KPIX went “undercover” (meaning they roved around the weirdly empty hostel with a camera) with a current tenant to scope out the Victorian house on Van Ness in the Mission District. The place bills itself Vinyasa Homes Project, and although there’s no sign announcing it as a hostel, it's reportedly listed on Airbnb and has a 30-day minimum stay, meaning tenants are basically establishing residency there.
According to Heidi, the blonde Charon who ferries CBS around the house, she had to answer a questionnaire and do a Skype interview before making the cut as a roommate — a common vetting strategy in today’s cutthroat housing market.
The house boasts three bathrooms per floor, which Heidi notes aren’t always spotless, plus a well-stocked communal kitchen (the fridge probably holds $1,800 worth of eggs).
Heidi told KPIX that some rooms house four people sharing two bunkbeds, with the beds backed up against each other because the rooms are so small.
When KPIX asked chief housing inspector Rosemary Bosque whether such living arrangements are legal, Bosque replied that bedrooms have to be 170 square feet to accommodate four adults. She added that the city can’t inspect the building unless complaints are filed.

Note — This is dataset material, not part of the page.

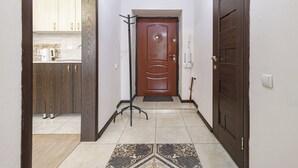 Um corredor com porta de madeira, um cabideiro de metal e chão de azulejos.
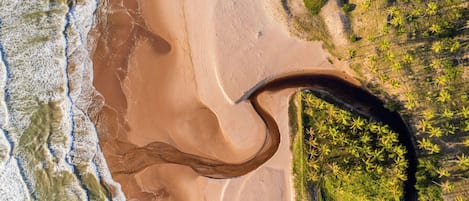 Vista aérea de una playa con una gran formación arenosa curva, un río o arroyo, y vegetación densa a la derecha.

Scott Sanchez of the Planning Department told KPIX that a complaint has been filed and an investigation is underway.
KPIX asked Sanchez if establishing residency in such hostels aggravated San Francisco’s dwindling housing suppy, to which Sanchez responded, “So you are pointing out an issue that may need to be addressed further, but at this point the codes don’t address that.”
Vinyasa Homes Project’s website doesn’t list the Mission District location but does include Le Chateau McAlamo, a housing collective across the street from Alamo Square Park. The group’s mission statement reads:
By being mindful, and practicing our Community PACTS + Gratitude, we agree that we can more authentically live. By more authentically living, we can more truly express ourselves – in order to build, connect and sustain communities in which members co-create spaces, relationships, and ideas that resonate with gratitude – for the benefit of living in community.
And it's so self-evident as to go without saying — paying $1,800 for a bunkbed in a room only slightly bigger than a Volkswagen helps you be your best self.